At this point, philosophy of science becomes identical with sociology of science, and any appeal to universal validity and objectivity by physical sciences is rejected on the basis of their utter historicity, contingency, ideology, cultural bias, and so on. Even though these terms are used as household terms by many Muslims writing and thinking on modern science, they rarely appear in their defense of Islamic science, which is proposed as an alternative to the Western conceptions of science. If science, as the advocates of this view seem to imply, is culture-specific with no right to universal applicability, then this has to be true for all scientific activity whether it takes place in the 11th century Samarqand or the 20th century Sweden. This is in fact what is so clearly intended and stated by all the major expositors of the philosophy of science. If it is the modern secular science that is culturally and historically constructed, then Islamic science, as understood by this group of scholars, has to explain how and why it is entitled to universal validity and applicability. It will simply be short of logical consistency to say that Kuhn's language of paradigms is an adequate tool to explain the history of Western but not Islamic science.

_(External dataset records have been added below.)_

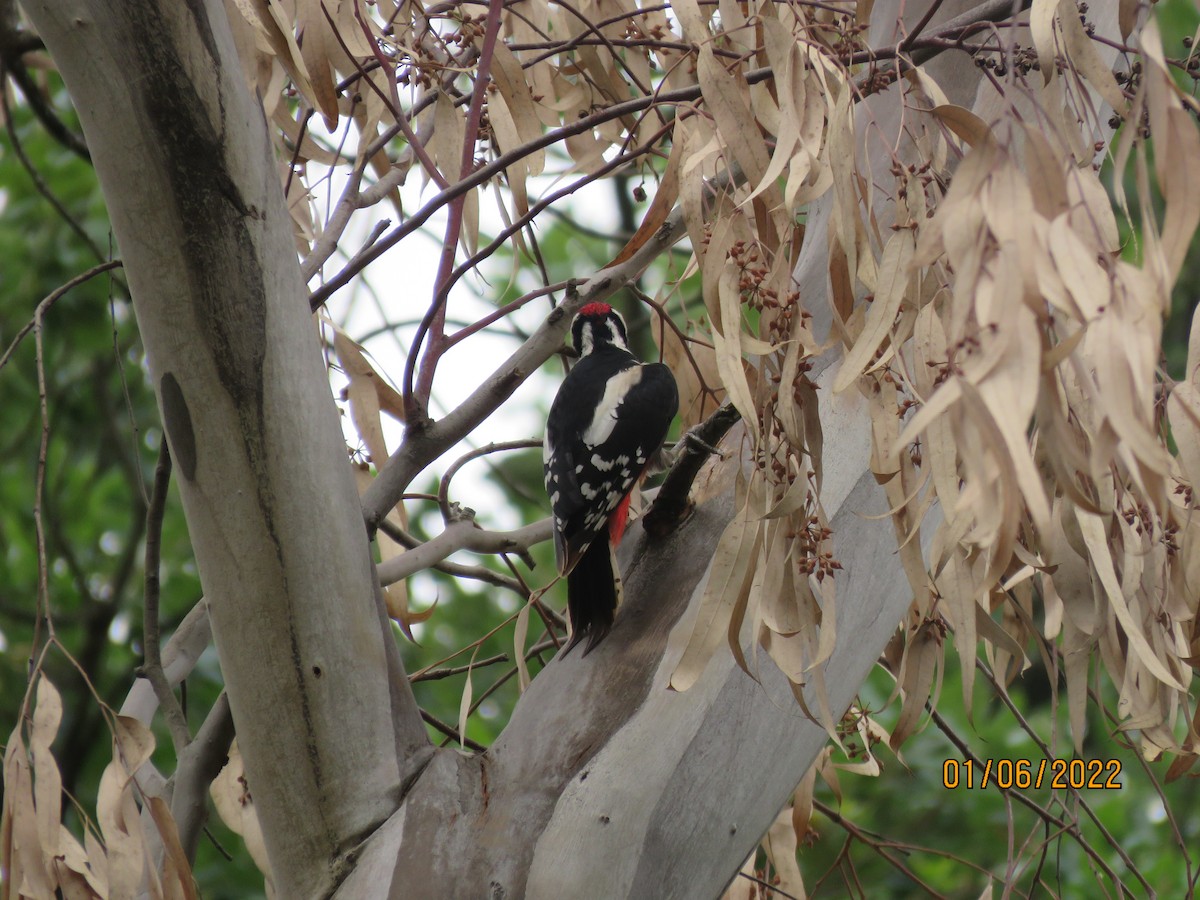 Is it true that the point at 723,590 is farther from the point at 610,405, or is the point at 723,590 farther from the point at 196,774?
the point at 610,405

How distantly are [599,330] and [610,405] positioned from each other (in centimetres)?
72

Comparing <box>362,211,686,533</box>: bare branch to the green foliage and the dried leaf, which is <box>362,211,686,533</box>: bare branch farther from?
the green foliage

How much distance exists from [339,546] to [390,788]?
0.31 m

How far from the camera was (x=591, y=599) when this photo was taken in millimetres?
1812

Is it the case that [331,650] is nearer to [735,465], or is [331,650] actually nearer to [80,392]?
[735,465]

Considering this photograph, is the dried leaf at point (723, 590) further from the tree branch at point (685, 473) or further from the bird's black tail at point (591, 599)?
the bird's black tail at point (591, 599)

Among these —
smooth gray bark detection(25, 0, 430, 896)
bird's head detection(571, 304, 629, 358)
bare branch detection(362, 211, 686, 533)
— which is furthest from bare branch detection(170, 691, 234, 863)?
bird's head detection(571, 304, 629, 358)

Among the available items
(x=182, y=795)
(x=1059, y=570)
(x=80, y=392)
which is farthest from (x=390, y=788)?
(x=80, y=392)

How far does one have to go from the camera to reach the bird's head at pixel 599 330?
10.1ft

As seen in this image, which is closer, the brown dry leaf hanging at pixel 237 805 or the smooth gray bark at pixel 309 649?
the smooth gray bark at pixel 309 649

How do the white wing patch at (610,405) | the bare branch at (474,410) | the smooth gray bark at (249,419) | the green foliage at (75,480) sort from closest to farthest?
the smooth gray bark at (249,419)
the bare branch at (474,410)
the white wing patch at (610,405)
the green foliage at (75,480)

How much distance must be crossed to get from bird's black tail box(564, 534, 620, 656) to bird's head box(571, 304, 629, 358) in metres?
1.16

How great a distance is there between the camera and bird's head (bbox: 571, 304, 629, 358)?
10.1ft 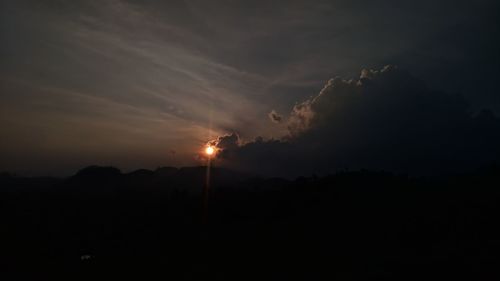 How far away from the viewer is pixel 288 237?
68438mm

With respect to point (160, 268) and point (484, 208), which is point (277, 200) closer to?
point (484, 208)

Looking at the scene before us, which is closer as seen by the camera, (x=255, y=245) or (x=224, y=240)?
(x=255, y=245)

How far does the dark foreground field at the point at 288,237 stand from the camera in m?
46.8

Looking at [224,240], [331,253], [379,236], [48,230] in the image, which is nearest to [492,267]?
[331,253]

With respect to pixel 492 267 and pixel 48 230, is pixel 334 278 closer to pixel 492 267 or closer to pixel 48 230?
pixel 492 267

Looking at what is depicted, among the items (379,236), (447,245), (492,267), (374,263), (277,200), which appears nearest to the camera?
(492,267)

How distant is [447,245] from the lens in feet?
171

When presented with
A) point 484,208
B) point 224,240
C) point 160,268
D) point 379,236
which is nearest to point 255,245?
point 224,240

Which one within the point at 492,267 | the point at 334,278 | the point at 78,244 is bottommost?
the point at 78,244

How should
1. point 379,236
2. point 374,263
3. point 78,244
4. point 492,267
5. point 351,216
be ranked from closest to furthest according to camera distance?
point 492,267 < point 374,263 < point 379,236 < point 351,216 < point 78,244

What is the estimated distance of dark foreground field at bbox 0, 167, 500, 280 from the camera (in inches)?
1841

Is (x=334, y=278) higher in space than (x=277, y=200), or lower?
lower

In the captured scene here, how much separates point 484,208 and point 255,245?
45.8 m

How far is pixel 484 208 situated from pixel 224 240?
51369 mm
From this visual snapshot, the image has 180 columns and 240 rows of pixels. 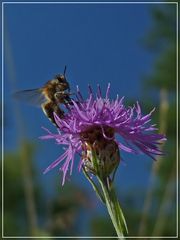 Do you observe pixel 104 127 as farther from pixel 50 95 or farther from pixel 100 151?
pixel 50 95

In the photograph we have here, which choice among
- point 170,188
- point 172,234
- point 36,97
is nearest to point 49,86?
point 36,97

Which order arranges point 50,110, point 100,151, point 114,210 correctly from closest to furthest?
point 114,210 → point 100,151 → point 50,110

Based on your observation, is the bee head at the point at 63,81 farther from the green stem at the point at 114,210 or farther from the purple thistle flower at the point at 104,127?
the green stem at the point at 114,210

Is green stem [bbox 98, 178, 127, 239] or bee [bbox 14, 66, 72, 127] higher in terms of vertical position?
bee [bbox 14, 66, 72, 127]

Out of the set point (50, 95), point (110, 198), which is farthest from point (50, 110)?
point (110, 198)

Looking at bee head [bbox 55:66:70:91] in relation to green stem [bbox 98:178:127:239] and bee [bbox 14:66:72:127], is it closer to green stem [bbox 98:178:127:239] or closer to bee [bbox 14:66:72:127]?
bee [bbox 14:66:72:127]

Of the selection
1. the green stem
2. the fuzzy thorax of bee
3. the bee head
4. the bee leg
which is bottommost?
the green stem

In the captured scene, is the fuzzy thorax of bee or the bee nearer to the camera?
the fuzzy thorax of bee

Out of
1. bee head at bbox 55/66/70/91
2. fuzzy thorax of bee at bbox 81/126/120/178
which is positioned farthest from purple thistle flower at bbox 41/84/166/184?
bee head at bbox 55/66/70/91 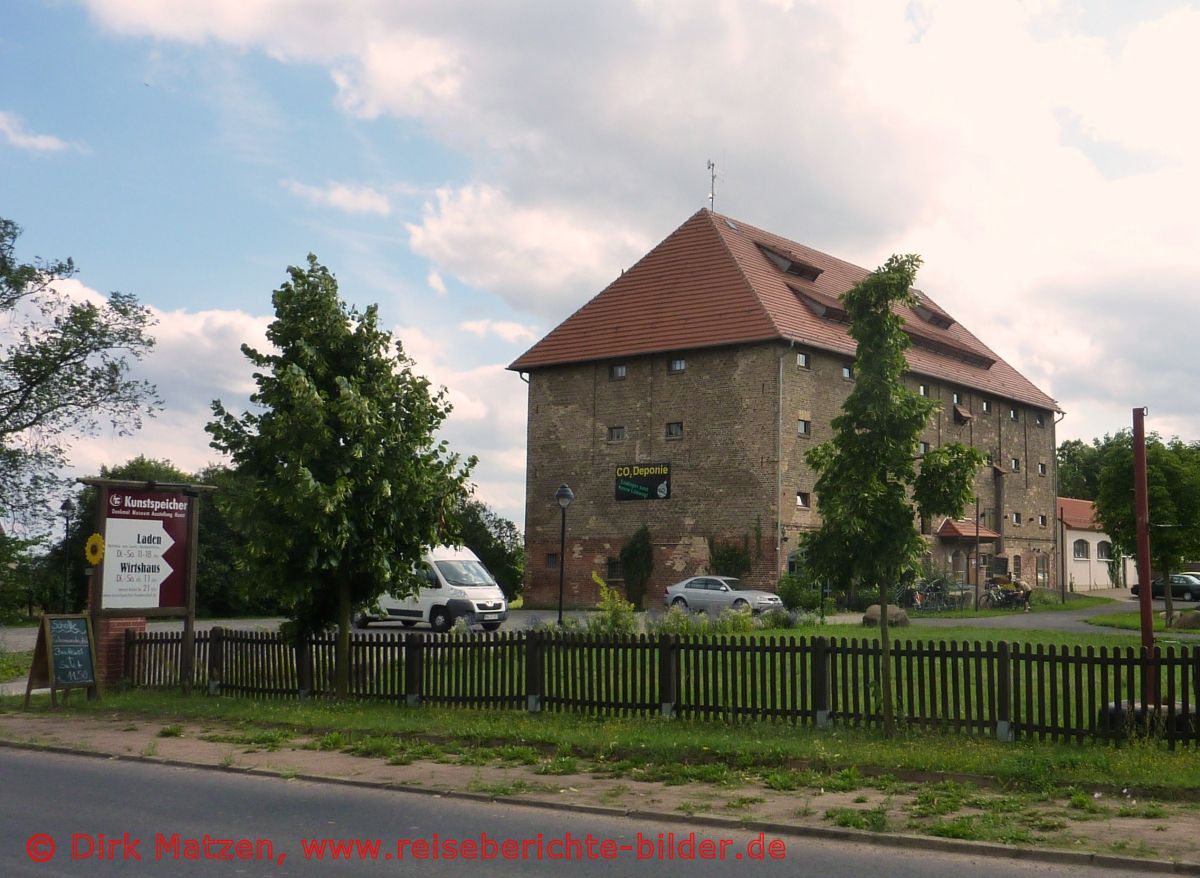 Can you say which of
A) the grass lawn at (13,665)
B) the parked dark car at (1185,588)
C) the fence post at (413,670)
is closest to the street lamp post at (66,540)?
the grass lawn at (13,665)

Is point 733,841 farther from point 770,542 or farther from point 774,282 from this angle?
point 774,282

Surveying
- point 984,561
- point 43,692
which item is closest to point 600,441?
point 984,561

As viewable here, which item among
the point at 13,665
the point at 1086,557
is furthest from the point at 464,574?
the point at 1086,557

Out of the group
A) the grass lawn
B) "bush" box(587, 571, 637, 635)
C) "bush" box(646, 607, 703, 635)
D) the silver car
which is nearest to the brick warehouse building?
the silver car

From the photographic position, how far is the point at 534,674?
1506 cm

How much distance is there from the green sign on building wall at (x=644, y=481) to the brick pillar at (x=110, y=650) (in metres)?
27.3

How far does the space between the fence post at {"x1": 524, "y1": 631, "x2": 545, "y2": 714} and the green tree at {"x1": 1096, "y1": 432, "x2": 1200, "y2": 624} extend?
82.4 ft

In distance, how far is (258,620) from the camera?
42.8 m

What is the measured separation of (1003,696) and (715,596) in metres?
24.6

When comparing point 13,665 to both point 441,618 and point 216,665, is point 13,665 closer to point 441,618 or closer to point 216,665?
point 216,665

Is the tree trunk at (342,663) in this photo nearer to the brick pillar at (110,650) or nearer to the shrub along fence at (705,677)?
the shrub along fence at (705,677)

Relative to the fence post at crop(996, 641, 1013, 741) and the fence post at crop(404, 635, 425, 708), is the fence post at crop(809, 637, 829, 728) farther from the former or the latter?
the fence post at crop(404, 635, 425, 708)

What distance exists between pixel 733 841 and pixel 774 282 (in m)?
40.4

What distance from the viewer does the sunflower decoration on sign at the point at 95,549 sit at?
17781 mm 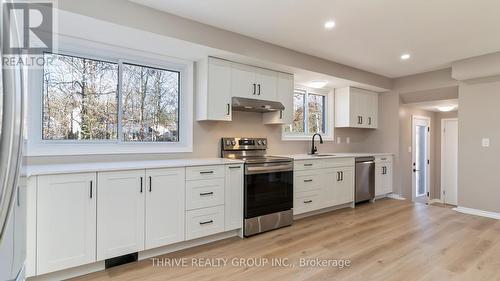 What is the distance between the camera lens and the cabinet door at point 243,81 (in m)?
3.39

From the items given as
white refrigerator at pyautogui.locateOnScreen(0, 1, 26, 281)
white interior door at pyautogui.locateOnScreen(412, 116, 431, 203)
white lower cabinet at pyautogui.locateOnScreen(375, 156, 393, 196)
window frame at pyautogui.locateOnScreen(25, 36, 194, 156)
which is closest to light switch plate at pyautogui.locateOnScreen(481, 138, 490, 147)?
white lower cabinet at pyautogui.locateOnScreen(375, 156, 393, 196)

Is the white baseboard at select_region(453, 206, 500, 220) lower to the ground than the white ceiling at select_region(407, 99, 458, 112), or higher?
lower

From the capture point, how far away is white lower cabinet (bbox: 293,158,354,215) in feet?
12.3

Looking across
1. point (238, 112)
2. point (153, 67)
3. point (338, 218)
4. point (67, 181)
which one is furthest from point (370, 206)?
point (67, 181)

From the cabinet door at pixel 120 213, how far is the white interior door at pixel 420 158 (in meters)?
5.67

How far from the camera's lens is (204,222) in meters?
2.86

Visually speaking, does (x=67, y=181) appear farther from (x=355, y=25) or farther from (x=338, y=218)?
(x=338, y=218)

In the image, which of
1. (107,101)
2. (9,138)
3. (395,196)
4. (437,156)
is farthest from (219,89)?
(437,156)

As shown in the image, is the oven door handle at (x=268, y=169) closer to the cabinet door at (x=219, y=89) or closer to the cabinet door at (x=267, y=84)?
the cabinet door at (x=219, y=89)

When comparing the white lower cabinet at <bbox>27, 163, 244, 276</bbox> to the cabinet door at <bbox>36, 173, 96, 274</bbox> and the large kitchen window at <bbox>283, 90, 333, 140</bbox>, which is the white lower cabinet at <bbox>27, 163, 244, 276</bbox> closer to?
the cabinet door at <bbox>36, 173, 96, 274</bbox>

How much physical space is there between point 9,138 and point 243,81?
9.37ft

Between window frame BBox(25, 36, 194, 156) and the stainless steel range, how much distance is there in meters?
0.65

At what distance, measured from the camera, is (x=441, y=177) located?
670cm

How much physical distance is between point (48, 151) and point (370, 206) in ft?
15.4
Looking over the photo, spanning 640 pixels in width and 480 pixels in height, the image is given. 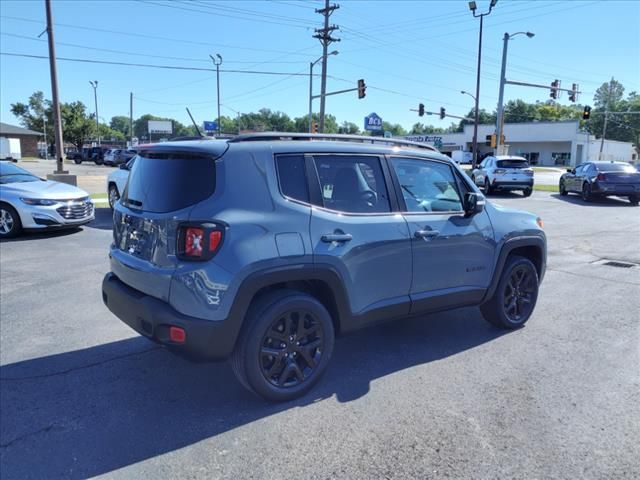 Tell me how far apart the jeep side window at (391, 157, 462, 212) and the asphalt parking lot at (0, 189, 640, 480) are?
51.7 inches

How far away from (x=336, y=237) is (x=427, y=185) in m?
1.27

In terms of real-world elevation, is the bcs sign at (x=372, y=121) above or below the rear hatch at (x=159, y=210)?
above

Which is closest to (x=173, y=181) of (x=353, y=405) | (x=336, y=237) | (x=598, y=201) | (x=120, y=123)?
(x=336, y=237)

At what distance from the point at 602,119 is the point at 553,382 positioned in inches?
4623

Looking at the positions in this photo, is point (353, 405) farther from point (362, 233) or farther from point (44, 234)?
point (44, 234)

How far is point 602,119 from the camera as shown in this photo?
103 m

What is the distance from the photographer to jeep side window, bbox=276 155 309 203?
3.44 metres

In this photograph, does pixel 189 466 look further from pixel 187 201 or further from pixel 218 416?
pixel 187 201

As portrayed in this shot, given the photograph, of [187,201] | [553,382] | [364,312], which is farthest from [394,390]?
[187,201]

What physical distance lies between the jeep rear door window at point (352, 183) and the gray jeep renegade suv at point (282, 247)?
1cm

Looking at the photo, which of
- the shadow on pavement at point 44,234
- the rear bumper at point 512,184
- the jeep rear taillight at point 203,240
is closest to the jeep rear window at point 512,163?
the rear bumper at point 512,184

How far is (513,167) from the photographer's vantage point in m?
21.4

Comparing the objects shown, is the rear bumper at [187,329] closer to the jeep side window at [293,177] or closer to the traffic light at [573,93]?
the jeep side window at [293,177]

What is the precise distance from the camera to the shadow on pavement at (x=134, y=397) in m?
2.96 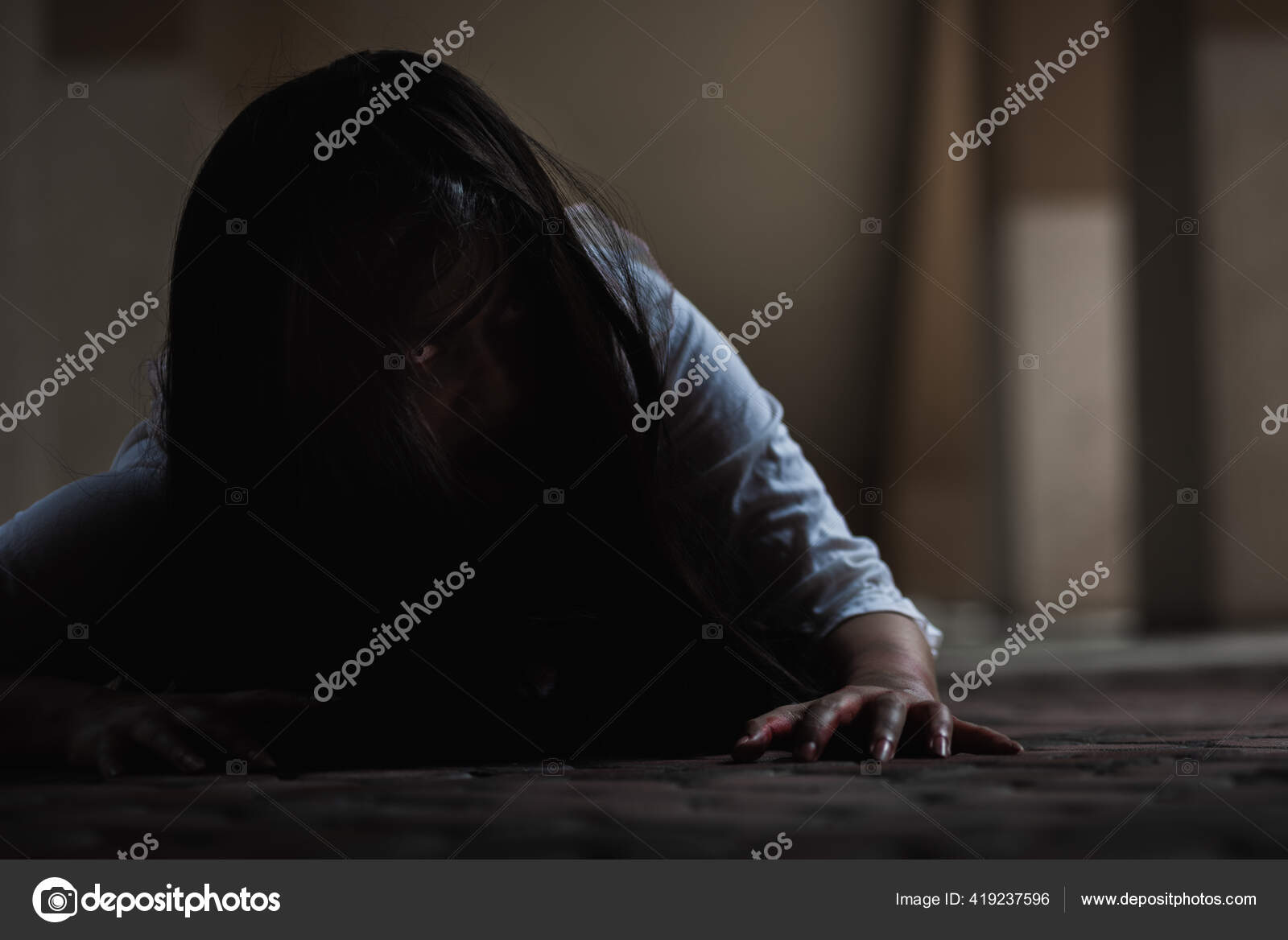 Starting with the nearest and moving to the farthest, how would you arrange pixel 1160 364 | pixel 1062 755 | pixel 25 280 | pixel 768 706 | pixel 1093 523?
pixel 1062 755, pixel 768 706, pixel 25 280, pixel 1160 364, pixel 1093 523

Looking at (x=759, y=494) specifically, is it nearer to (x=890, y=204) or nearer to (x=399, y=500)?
(x=399, y=500)

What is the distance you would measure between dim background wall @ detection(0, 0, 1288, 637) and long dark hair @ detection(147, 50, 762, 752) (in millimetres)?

What I have called here the epistemic view of science, which has taken the form of an extremely common tendency rather than a single school of thought, has certainly raised the consciousness of the Islamic world about modern science, and contributed to the ongoing discussion of the possibility of having a scientific study of nature based on an Islamic ethos. We can, however, hardly fail to see the contradictions in this point of view especially when it is most vulnerable to the temptations of modern epistemology. The emphasis put on epistemology to the point of excluding ontology and metaphysics has grave consequences for any notion of science, and it is for this reason that we do not see any serious study of philosophy, metaphysics or cosmology among the followers of this point of view. Furthermore there is a deliberate resistance to these disciplines in spite of the fact traditional Islamic philosophy and metaphysics had functioned as a gateway between scientific knowledge and religious faith. At any rate, it remains to be seen if the adherents of the epistemic view of science will be able to overcome the subjectivist fallacy of modern philosophy, i.e., building an epistemology without articulating an adequate metaphysics and ontology.